When Beyer was convicted the UB campus erupted into violent protests. Hundreds of students stormed the campus and set fire to buildings that housed a US Navy research project. Others entered Hayes Hall and climbed to the top of its bell tower, ringing its bells continuously to be heard across campus.

== Members ==
- Bruce Cline, organizer, Buffalo Draft Resistance Union
- Ray Malak, Chairman of the Research Action Committee of Students for a Democratic Society (SDS), Vietnam veteran
- Thomas O'Connell, Vietnam veteran
- Bruce Beyer, organizer, Buffalo Draft Resistance Union
- James McGlynn, Vietnam veteran
- William Berry, organizer, Buffalo Draft Resistance Union
- Carl Kronberg, organizer, Peace and Freedom Party
- Jerry Gross, Chairman of Youth Against War and Fascism (YAWF) and Martin Sostre Defense Committee
- William Yates, Students for a Democratic Society (SDS)

"What started out as a peaceful, non-violent demonstration against the war and the Selective Service System, ended in a violent fist-swinging melee.
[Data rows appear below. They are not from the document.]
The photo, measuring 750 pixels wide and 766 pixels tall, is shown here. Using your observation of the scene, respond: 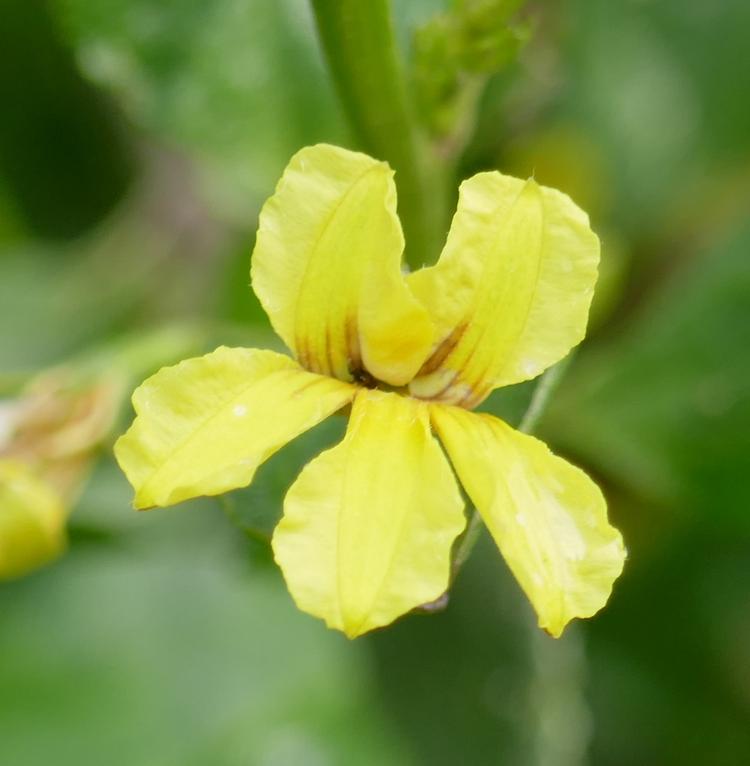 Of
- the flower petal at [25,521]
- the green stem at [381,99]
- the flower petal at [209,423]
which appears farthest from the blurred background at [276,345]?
the flower petal at [209,423]

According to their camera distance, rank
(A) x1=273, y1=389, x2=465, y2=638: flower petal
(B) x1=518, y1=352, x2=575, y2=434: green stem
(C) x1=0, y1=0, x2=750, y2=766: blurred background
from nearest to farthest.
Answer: (A) x1=273, y1=389, x2=465, y2=638: flower petal < (B) x1=518, y1=352, x2=575, y2=434: green stem < (C) x1=0, y1=0, x2=750, y2=766: blurred background

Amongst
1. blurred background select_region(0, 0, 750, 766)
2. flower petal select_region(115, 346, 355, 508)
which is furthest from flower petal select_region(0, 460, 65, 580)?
flower petal select_region(115, 346, 355, 508)

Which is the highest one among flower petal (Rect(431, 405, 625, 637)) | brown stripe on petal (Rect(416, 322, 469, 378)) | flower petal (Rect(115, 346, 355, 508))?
flower petal (Rect(115, 346, 355, 508))

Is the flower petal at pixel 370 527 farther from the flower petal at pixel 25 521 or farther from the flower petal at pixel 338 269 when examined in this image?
the flower petal at pixel 25 521

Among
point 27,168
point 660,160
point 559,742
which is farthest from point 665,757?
point 27,168

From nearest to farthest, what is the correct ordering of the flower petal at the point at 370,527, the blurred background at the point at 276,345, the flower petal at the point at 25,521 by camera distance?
the flower petal at the point at 370,527 → the flower petal at the point at 25,521 → the blurred background at the point at 276,345

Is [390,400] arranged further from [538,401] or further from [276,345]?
[276,345]

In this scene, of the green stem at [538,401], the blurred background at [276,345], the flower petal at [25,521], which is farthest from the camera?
the blurred background at [276,345]

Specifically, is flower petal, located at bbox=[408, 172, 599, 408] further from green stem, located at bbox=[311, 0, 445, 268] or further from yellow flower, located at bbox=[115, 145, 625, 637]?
green stem, located at bbox=[311, 0, 445, 268] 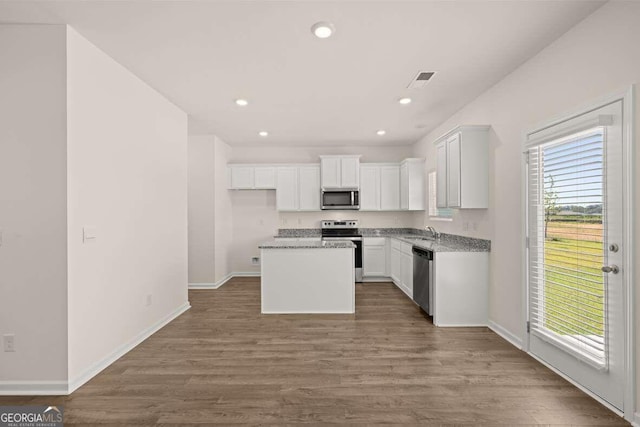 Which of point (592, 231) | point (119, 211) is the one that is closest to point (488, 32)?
point (592, 231)

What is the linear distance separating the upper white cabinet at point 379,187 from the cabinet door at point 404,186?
69mm

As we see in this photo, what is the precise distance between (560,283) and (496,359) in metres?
0.91

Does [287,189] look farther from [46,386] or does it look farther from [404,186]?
[46,386]

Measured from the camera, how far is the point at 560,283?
255 centimetres

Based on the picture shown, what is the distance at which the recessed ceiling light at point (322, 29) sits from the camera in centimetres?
232

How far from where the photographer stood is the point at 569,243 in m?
2.45

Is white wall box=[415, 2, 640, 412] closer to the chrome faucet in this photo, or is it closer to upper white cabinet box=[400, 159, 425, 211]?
the chrome faucet

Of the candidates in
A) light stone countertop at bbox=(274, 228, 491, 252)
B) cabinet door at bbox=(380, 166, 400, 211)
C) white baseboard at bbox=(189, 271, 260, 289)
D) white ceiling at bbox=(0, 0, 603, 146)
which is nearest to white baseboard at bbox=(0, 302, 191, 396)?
white ceiling at bbox=(0, 0, 603, 146)

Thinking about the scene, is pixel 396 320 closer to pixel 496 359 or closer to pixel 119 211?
pixel 496 359

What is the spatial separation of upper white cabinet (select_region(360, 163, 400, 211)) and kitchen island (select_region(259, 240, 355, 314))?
232 cm

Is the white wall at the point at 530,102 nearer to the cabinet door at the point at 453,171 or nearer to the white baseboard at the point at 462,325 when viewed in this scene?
the white baseboard at the point at 462,325

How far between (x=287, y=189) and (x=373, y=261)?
2304 mm

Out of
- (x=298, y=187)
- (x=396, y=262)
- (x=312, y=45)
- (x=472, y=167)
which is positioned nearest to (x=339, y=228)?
(x=298, y=187)

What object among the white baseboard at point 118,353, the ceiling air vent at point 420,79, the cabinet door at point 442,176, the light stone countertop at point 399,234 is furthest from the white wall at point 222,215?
the cabinet door at point 442,176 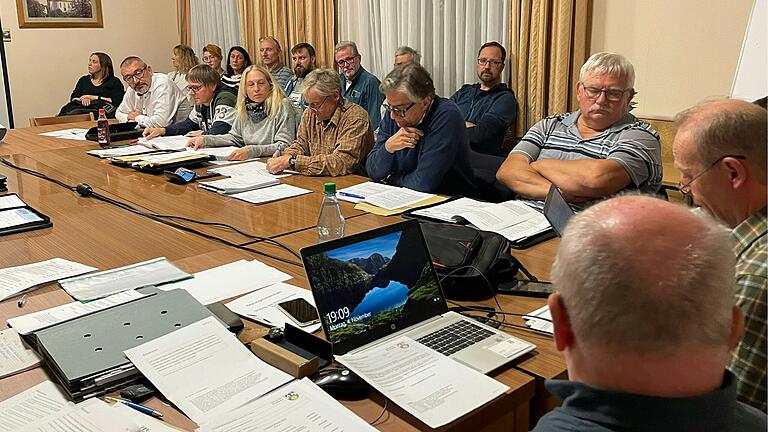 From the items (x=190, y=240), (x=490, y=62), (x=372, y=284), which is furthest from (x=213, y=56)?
(x=372, y=284)

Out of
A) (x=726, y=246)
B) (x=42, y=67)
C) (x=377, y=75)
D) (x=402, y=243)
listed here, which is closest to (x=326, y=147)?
(x=402, y=243)

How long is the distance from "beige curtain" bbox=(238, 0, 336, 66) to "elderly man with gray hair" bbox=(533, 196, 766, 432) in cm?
504

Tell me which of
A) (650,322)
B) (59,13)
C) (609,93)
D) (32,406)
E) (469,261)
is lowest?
(32,406)

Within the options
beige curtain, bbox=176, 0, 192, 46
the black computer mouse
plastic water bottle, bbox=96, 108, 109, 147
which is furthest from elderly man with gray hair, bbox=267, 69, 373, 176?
beige curtain, bbox=176, 0, 192, 46

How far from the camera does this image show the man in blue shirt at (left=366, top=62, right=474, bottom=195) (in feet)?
9.25

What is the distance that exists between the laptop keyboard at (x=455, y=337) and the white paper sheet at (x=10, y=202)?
1860 millimetres

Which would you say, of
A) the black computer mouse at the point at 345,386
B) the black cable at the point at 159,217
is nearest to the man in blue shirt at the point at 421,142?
the black cable at the point at 159,217

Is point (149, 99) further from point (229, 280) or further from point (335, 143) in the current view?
point (229, 280)

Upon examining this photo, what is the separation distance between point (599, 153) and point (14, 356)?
6.70 ft

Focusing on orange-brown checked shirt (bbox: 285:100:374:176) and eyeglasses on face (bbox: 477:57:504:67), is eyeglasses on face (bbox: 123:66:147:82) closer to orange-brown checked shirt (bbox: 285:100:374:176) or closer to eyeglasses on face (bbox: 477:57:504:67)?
orange-brown checked shirt (bbox: 285:100:374:176)

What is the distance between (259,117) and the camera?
149 inches

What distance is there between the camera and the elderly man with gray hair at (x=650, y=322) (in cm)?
73

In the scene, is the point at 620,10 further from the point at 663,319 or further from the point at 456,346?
the point at 663,319

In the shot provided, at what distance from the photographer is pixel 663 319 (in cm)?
72
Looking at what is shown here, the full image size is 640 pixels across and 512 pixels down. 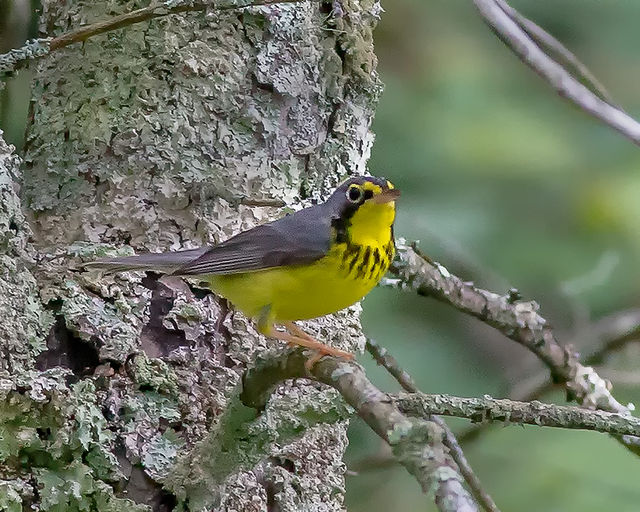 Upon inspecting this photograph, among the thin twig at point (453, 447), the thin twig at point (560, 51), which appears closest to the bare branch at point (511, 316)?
the thin twig at point (453, 447)

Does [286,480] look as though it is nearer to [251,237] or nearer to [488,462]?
[251,237]

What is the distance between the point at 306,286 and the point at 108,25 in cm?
85

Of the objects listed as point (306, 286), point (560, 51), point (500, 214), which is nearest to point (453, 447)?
point (306, 286)

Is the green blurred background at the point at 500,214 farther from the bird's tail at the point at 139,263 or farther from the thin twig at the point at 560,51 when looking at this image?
the bird's tail at the point at 139,263

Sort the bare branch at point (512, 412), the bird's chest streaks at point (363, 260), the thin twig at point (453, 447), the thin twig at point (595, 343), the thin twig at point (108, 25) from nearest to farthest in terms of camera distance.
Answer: the bare branch at point (512, 412) → the thin twig at point (108, 25) → the thin twig at point (453, 447) → the bird's chest streaks at point (363, 260) → the thin twig at point (595, 343)

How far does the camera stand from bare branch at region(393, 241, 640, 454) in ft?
8.55

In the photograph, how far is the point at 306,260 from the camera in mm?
2555

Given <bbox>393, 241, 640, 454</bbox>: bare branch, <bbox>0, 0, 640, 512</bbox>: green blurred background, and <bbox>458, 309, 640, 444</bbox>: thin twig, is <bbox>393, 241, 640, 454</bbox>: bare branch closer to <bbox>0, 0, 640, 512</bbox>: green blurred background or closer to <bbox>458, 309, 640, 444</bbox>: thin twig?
<bbox>458, 309, 640, 444</bbox>: thin twig

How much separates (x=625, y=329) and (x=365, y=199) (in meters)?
1.18

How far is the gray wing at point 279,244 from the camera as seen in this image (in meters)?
2.41

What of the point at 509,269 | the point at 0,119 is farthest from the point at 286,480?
the point at 509,269

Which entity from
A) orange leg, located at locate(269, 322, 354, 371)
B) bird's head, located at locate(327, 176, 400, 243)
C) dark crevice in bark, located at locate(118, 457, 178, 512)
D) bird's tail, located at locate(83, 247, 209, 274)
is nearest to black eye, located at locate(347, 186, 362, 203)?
bird's head, located at locate(327, 176, 400, 243)

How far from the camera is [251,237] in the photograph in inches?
96.3

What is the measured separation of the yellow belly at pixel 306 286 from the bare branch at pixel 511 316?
4.5 inches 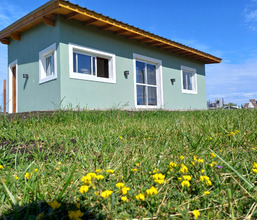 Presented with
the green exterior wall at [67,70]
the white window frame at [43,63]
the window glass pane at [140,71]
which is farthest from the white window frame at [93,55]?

I maintain to this day that this was precisely what the government had in mind when it sent thirty-two police officers to arrest two draft resisters ..." (Bruce Beyer)

An article appeared in the Magazine Section of the Buffalo Evening News, December 18, 1988, with extensive detail about the case and also covering the 20-year reunion, in Buffalo, of some of the defendants.